Swearing in of technocratic government is a first step in ending a seven-year rift between Hamas and Fatah. Israel takes punitive measures against the inclusion of Hamas.
A technocratic Palestinian unity government was sworn in on Monday, a first step toward ending a seven-year rift between rival factions Hamas and Fatah in the Gaza Strip and West Bank, respectively.
The government is by design temporary until new Palestinian elections can be held and Hamas is included in the Palestinian Liberation Organization.
Israel was expected to adopt punitive measures against the Palestinians in response to the inclusion of Hamas, which it considers to be a terrorist organization. In response to the preliminary unity government agreement in April, Israel halted all ministerial ties to the Palestinian Authority. In an act that has been deemed economic warfare, Israel also said it would stop accepting shekel deposits from Palestinian banks; the shekel is the main currency in the occupied Palestinian territories.
On Monday, following the actual formation of the technocratic unity government, Israel was expected to announce further sanctions. The Israeli government was set to officially end peace negotiations with the Palestinians, stop the transfer of most taxes that Israel collects on behalf of the Palestinians and cut off all contact with the Palestinian government, save for security coordination.
Update (7:20 p.m.):
The Israeli security cabinet on Monday afternoon said that it would hold the Palestinian Authority responsible for “all actions that harm the security of Israel,” including rockets from the Gaza Strip.
The cabinet also said Israel “[will] act, including in the international arena, against the participation of terrorist organizations in [Palestinian] elections.” In other words, Israel will attempt to dictate who is eligible to participate in Palestinian democracy.
PA President Mahmoud Abbas, responded to the threat of sanctions and boycotts: “We will not stand idle for the collective punishment against us and we will use all the means, diplomatic, political means, to respond to it.”
Israel also denied entry to the West Bank to three of the new Palestinian ministers who live in the Gaza Strip.
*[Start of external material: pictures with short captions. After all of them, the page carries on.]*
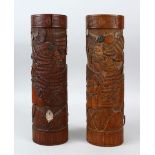 A PAIR OF 19TH CENTURY CHINESE BAMBOO & MOTHER 0F PEARL BRUSH POTS, carved in relief with scenes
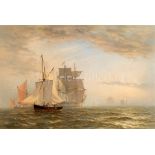 HENRY THOMAS DAWSON (BRITISH, 1842-1918) - SUNSET - SHIPPING IN THE THAMES ESTUARY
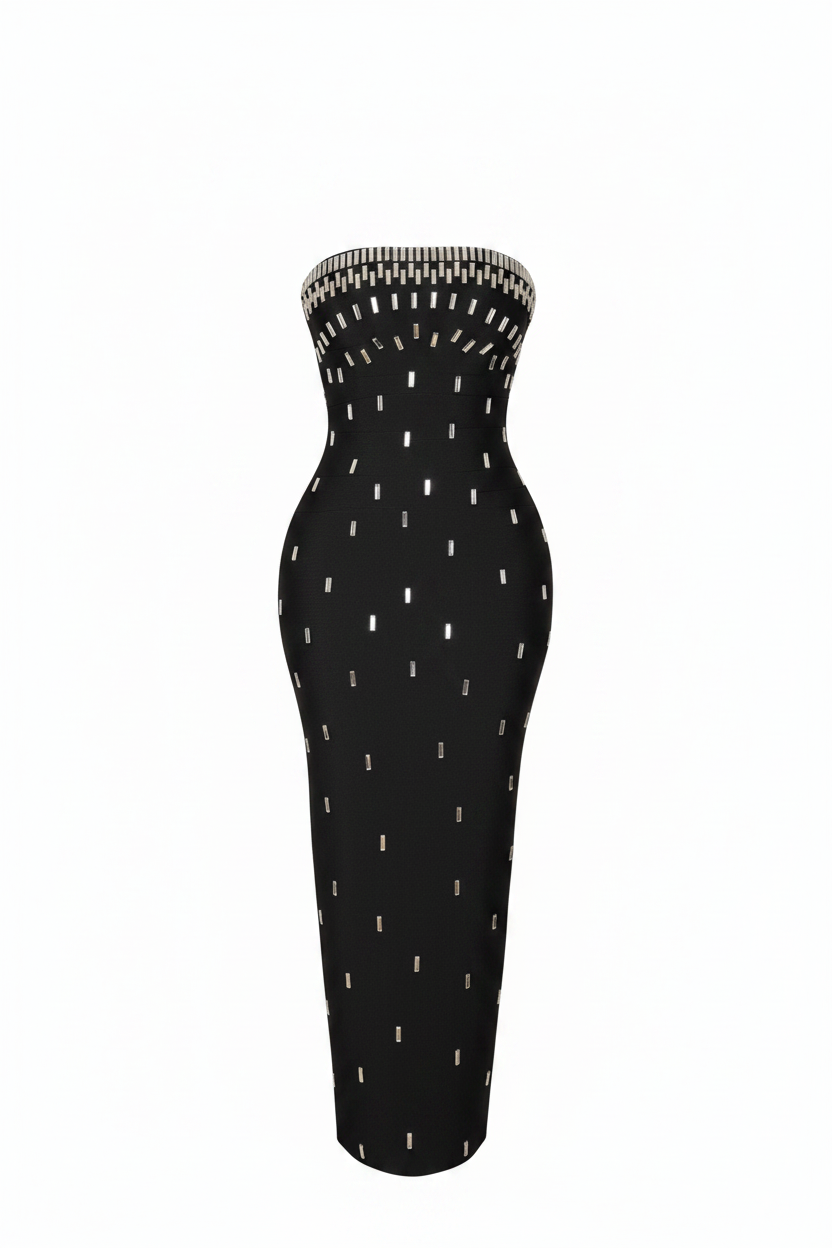 Sexy Strapless Luxury Rhinestone Bandage Dress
Israel controls all Palestinian border crossings to the West Bank and one of the two crossings to the Gaza Strip.
Israel is currently holding eight members of the Palestinian Legislative Council in prison without trial, under administrative detention. At various times in recent years, some 50 PLC members have been imprisoned by Israel.
The United States and other members of the international community are demanding that a new Palestinian government declare its intention to adhere to what are known as the Quartet principals. The principals are: recognizing Israel, rejecting violence and abiding by all existing agreements, to which Abbas said last month the a unity government would be committed.
A major sticking point in negotiations between Fatah and Hamas was the fate of Hamas’s independent security forces in the Gaza Strip.
In what it said was its last-ever meeting last Tuesday, the Hamas cabinet in Gaza said that it, “is ready to hand over its full responsibilities to the unity government,” the Associated Press reported. It was not clear what that meant for the Hamas security forces, which are separate from its military wing, the Izz a-Din a-Qassam Brigades.
The assumption is that Egypt’s deteriorating relations with Hamas — since the coup that ousted President Morsi — was one of the major factors that led to Fatah-Hamas reconciliation. Additionally, the continued rule of Gen. Abdel Fattah el-Sisi, who is hostile to Hamas, will only increase the Gazan government’s interests in reaching a deal with Ramallah.